Prompt.
In the material below, write out each line word for word and omit the pictures.

Recorded data.
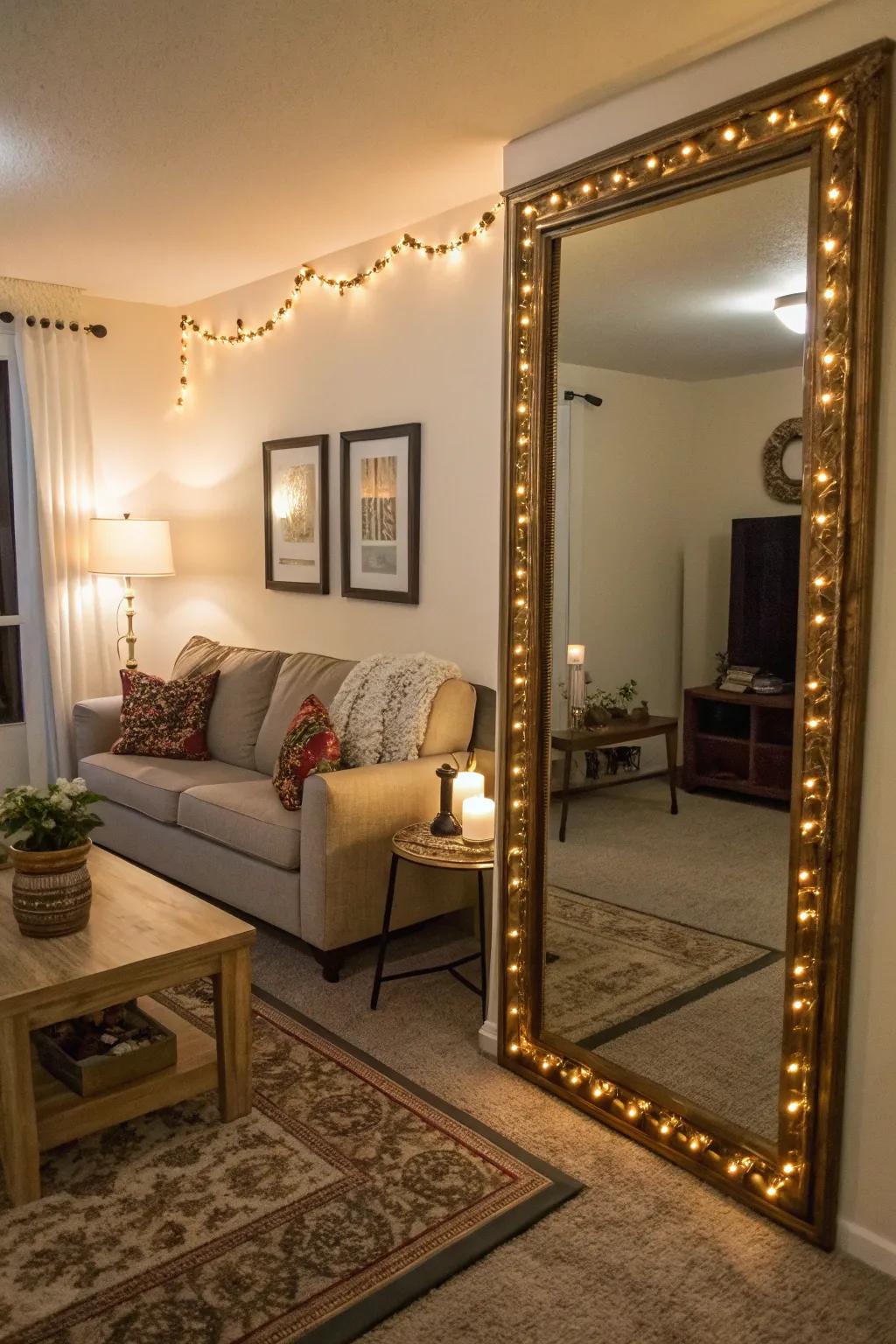 Mirrors can expand your space visually without taking up room.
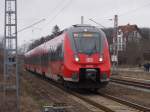 442 340 bei der Ausfahrt,am 07.März 2016,aus Lancken nach Sassnitz.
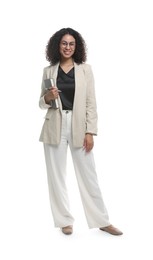 Photo of Full-length portrait of professional psychologist with notebook and pen on white background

Result for this task.
 Mirrors can expand your space visually without taking up room.
 442 340 bei der Ausfahrt,am 07.März 2016,aus Lancken nach Sassnitz.
 Photo of Full-length portrait of professional psychologist with notebook and pen on white background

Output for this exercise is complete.